We have these Hallmark greeting card style themed history months here, a sad American attempt to provide an inkling of historical perspective, a nod towards correcting historical injustices. February is now Black History Month, and even though it has largely been preempted this year by the racist shenanigans of Trump’s base, as the legal hot water gets hotter for the daring old man in the yellow hair, we get some programming and mass media coverage of overlooked Black achievements in American history, as well as infamous stories of long ago racist atrocities we have somehow never been told. There is Women’s History Month, a month devoted to the progress of a crucial half of the human species. You can add Immigrants History Month, LGBTQ History Month, Workers’ History Month, Corporate History Month (these vampires are people too, just like you and me, ask John Roberts), Billionaires’ History Month, etc. Every interest group and demographic can get a slice of a month for the promotion of their history (though some, including Women and Blacks, have more of a right to it than most, very important struggles, stories and lessons that everyone should know).
But here’s my idea: History Month. Every day during that month another celebrity (from across the political spectrum, such as it is here) would go on prime time TV (repeated on demand and forever on the internet) and deliver a short, snappy factual account of some illuminating aspect of American or world history. Teachers would discuss it the next day in class. It would increase interest in history, and awareness of its lessons, if done right. Why not?
Though there are radically different “historical” views of events (January 6th — riot or peaceful protest) there are not radically different facts, there is documentary evidence on which a more or less reliable story can be based. You have Putin’s old KGB Firehose of Falsehood, employed by Sloppy Steve Bannon and the regular and “alt” right, which deliberately overwhelms a society with wild, distracting lies and crazy conspiracies — the only antidote to that high pressure hose of diarrhea is clarity, one subject at a time, laid out clearly and calmly.

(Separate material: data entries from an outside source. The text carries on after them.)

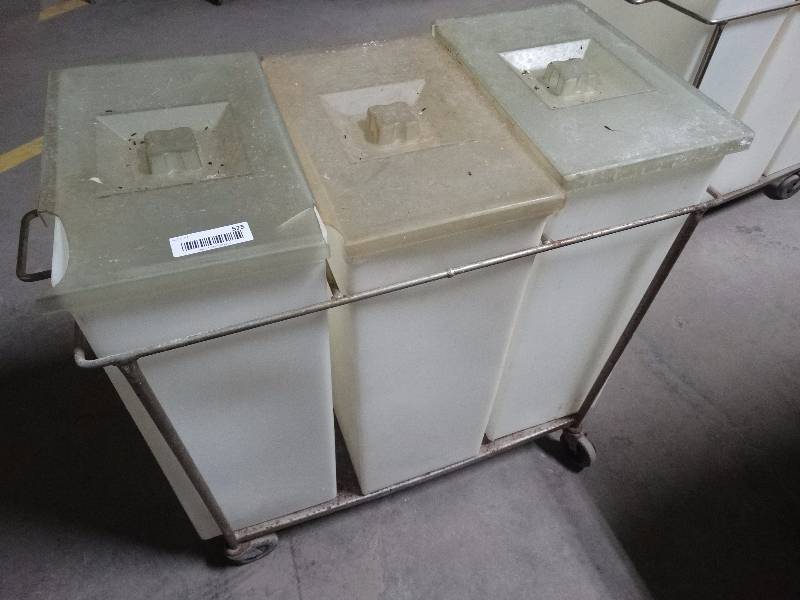 lot 525 image: 3 ingredient bins in metal rack on wheels.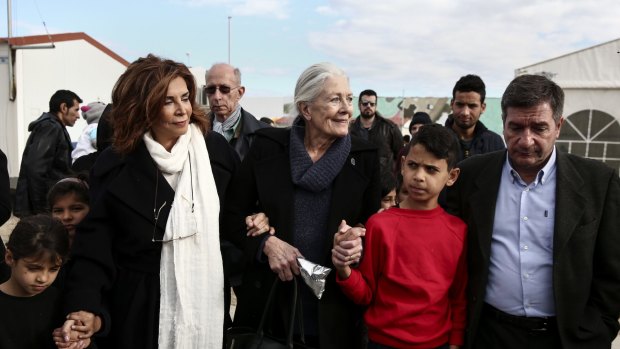 Vanessa Redgrave is escorted by Athens' Mayor Giorgos Kaminis (right) and Greek actress Mini Denissi at Eleonas refugee camp in 2016.
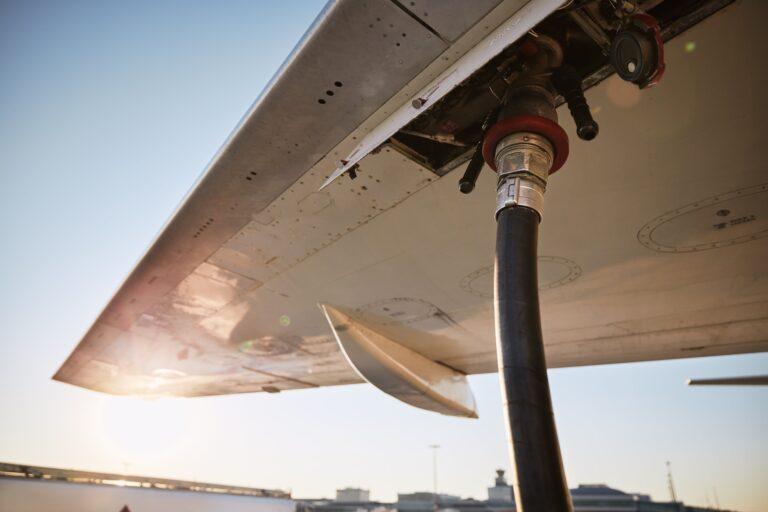 Refueling of airplane at airport. Ground service before flight.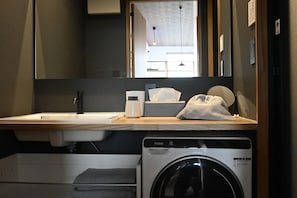 Un bany d'hotel amb un rentapins, un mirall, un dispensador de tovalloles i una màquina de rentar.
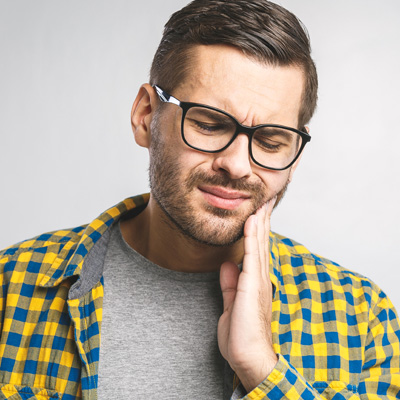 A man with a beard, wearing glasses and a yellow plaid shirt, holding his hand to his mouth in a thoughtful or concerned manner.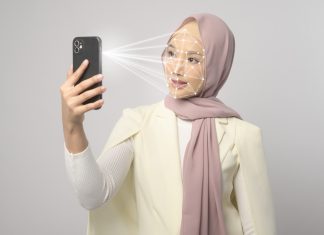 woman is scanning her face using AI scanner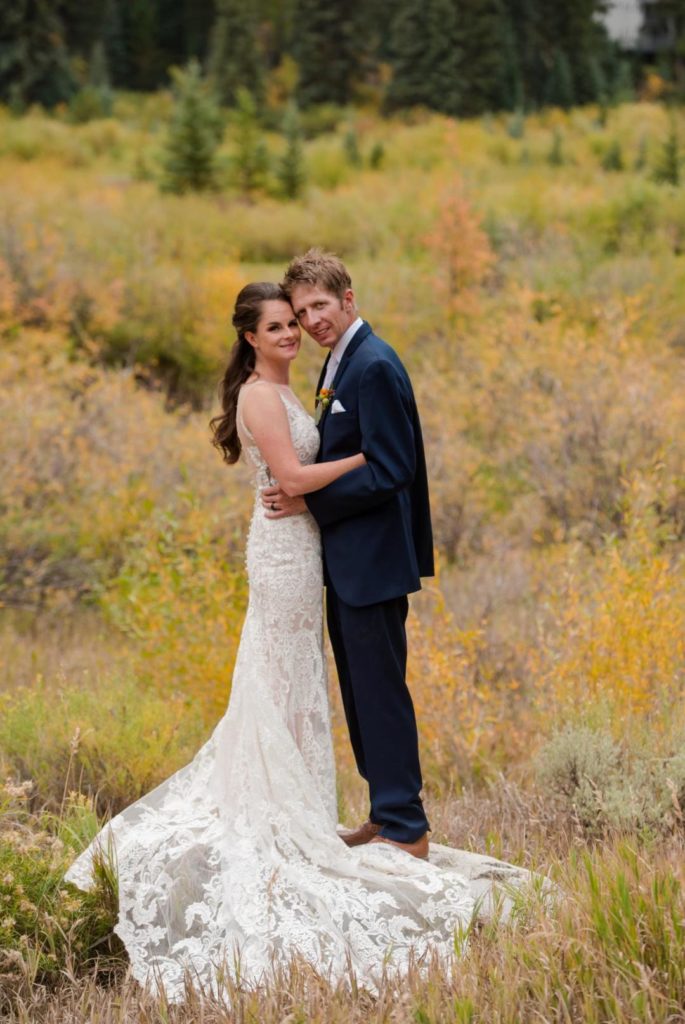 newly married bride and groom photographed by Colorado Mountain Wedding Photographer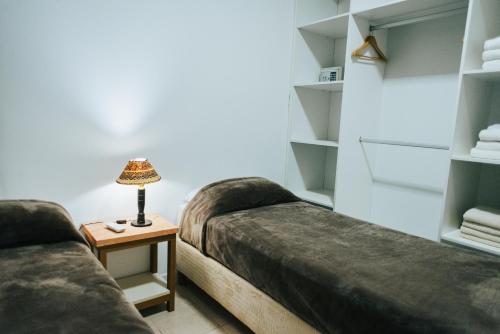 a room with two beds and a lamp on a table at Irová Apart Hotel in Posadas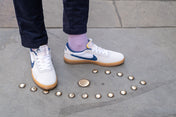 White sneakers with blue accents on a concrete surface with small round objects.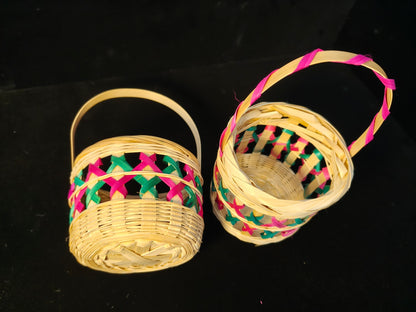 Two identical Chinese bamboo woven baskets with colorful lattice patterns in pink and green on black background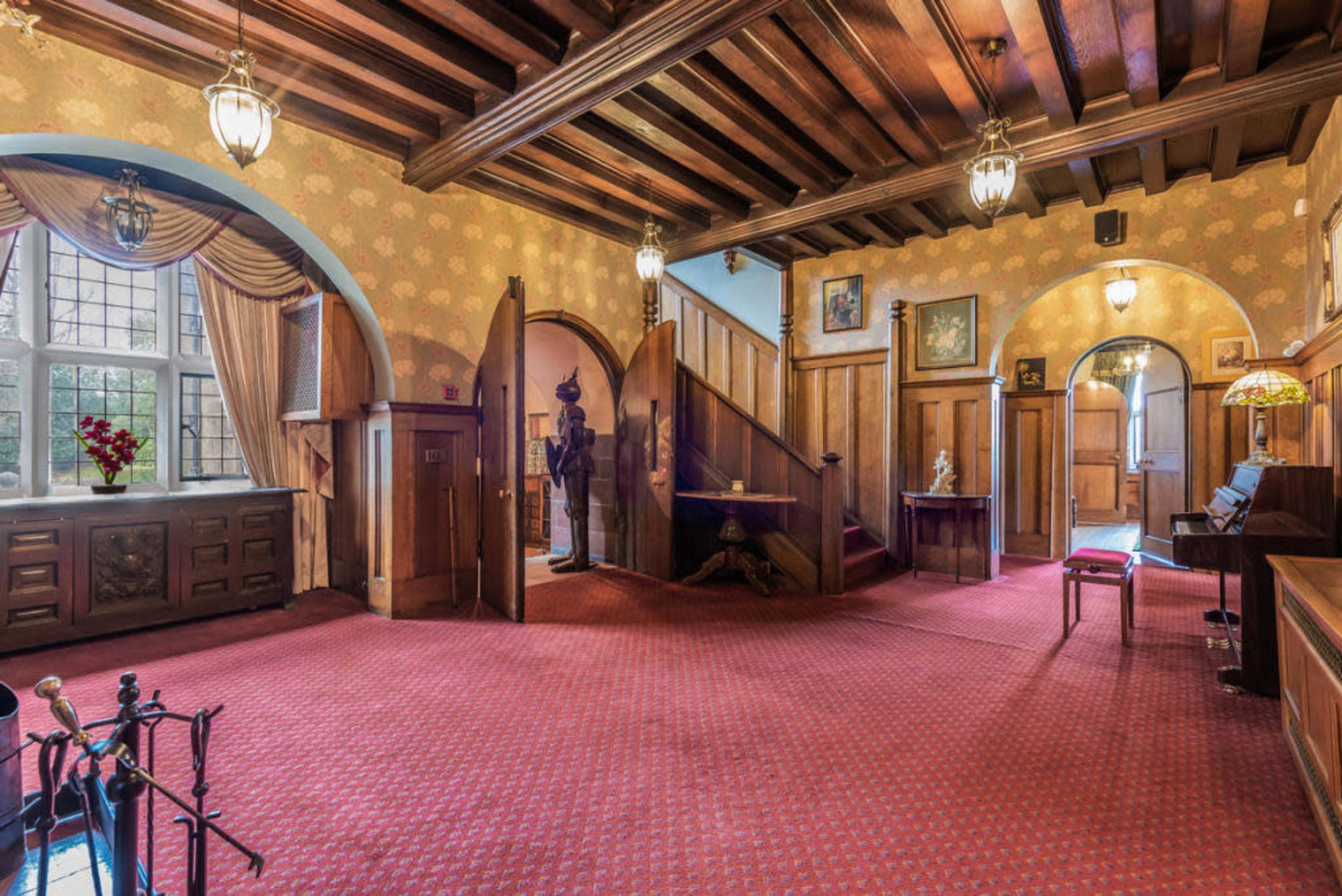 A spacious entryway with wooden beams, wallpaper, and a central staircase leading to an upper level.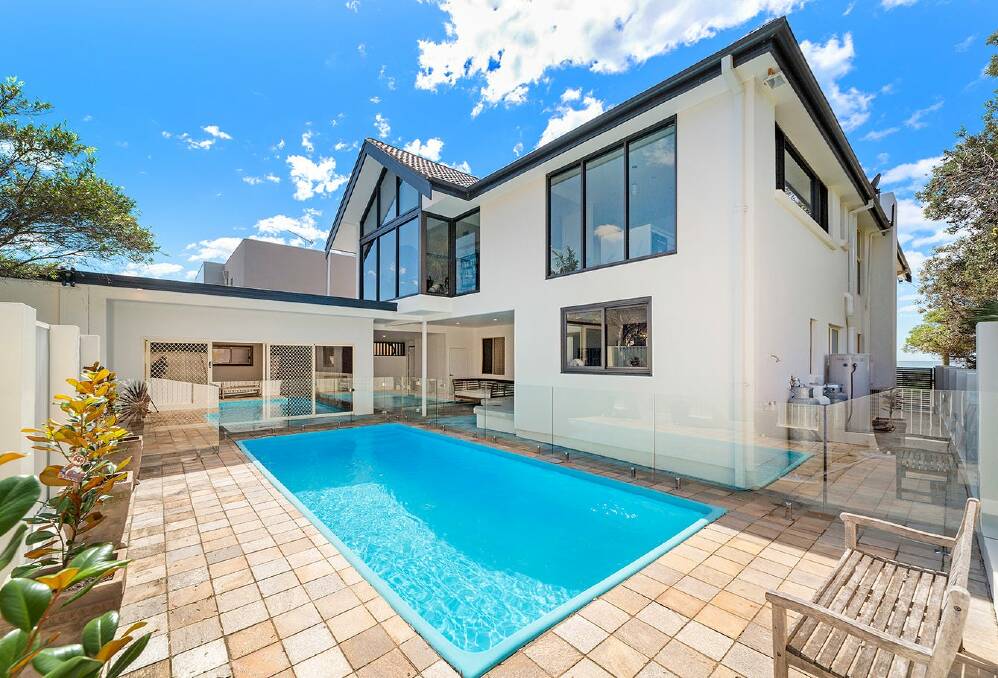 Former UOW boss lists beachfront Woonona home for $3.9 million plus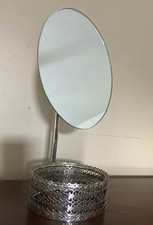 Vintage Silver-Tone Oval Vanity Mirror with an Ornate Filigree Storage Base picture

I see the objections, we are too divided, extremists have seized control of history, everything is weaponized, the firehouse is too powerful, propaganda is too sophisticated, even when it seems incredibly stupid. These are all reasons we need a history month, the restoration of the Fairness Doctrine (abolished by Reagan in his pursuit of Morning in America and Making America Great Again) and a renewed focus on public discourse. Many in their silos will tune out this attempt to agree on the basic cause and effect of history, but many others will learn and begin to consider things they never thought about. When people know the actual choices they face in a democracy, based on what happened the last time these ideas were tried, things tend to be more intelligently decided. My two cents, as someone with an abiding interest in the past — and the future.